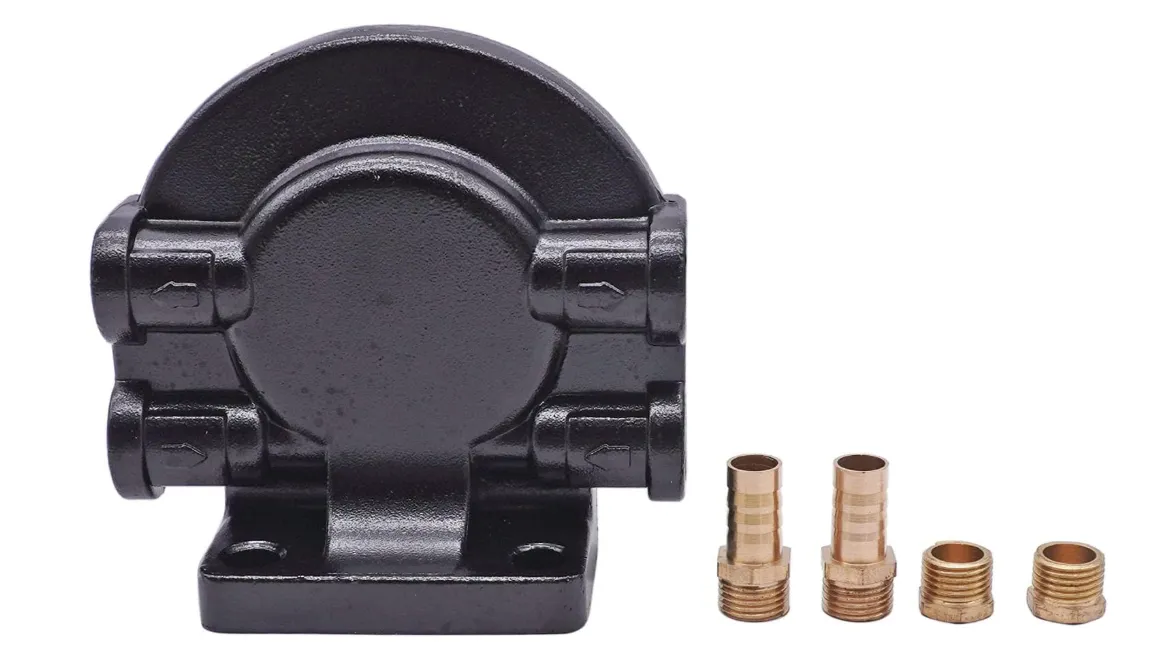 89876A3 Сепаратор водоотделительного фильтра Quickilver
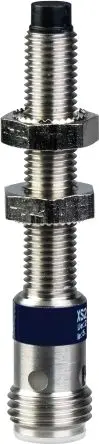 Produktfoto 1 von Telemecanique Sensors General Purpose M8 Induktiver Näherungssensor, Gewinderohr PnP / 200mA 2.5 mm, IP67 24 V dc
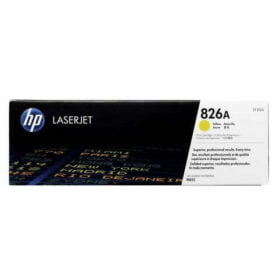 Hp 826A yellow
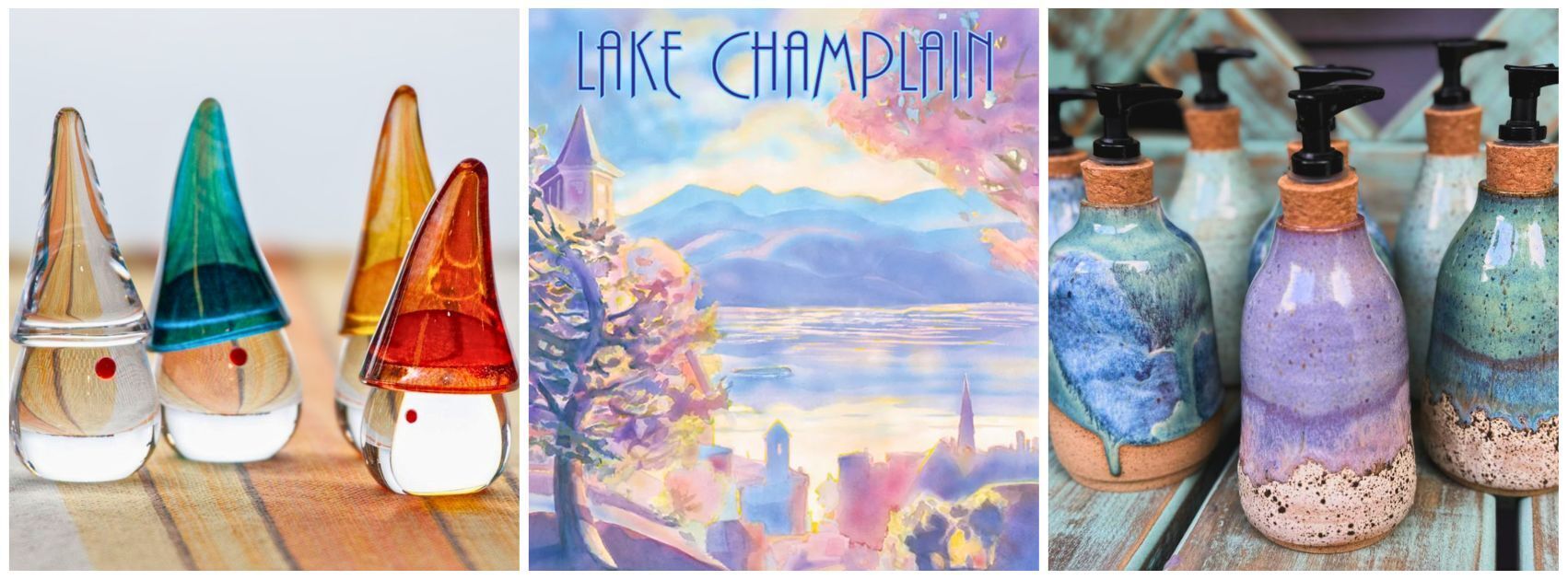 Champlain Valley Craft Show & Antique Expo - Champlain Valley Craft Show & Antique Expo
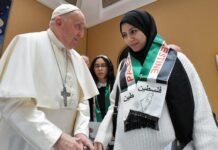 Penolakan Vatikan atas Board of Peace Trump: Pelajaran Integritas Diplomatik bagi Indonesia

- Task to complete: Each record above must be retyped exactly as given, with the images excluded.

- Reply:
 89876A3 Сепаратор водоотделительного фильтра Quickilver
 Produktfoto 1 von Telemecanique Sensors General Purpose M8 Induktiver Näherungssensor, Gewinderohr PnP / 200mA 2.5 mm, IP67 24 V dc
 Hp 826A yellow
 Champlain Valley Craft Show & Antique Expo - Champlain Valley Craft Show & Antique Expo
 Penolakan Vatikan atas Board of Peace Trump: Pelajaran Integritas Diplomatik bagi Indonesia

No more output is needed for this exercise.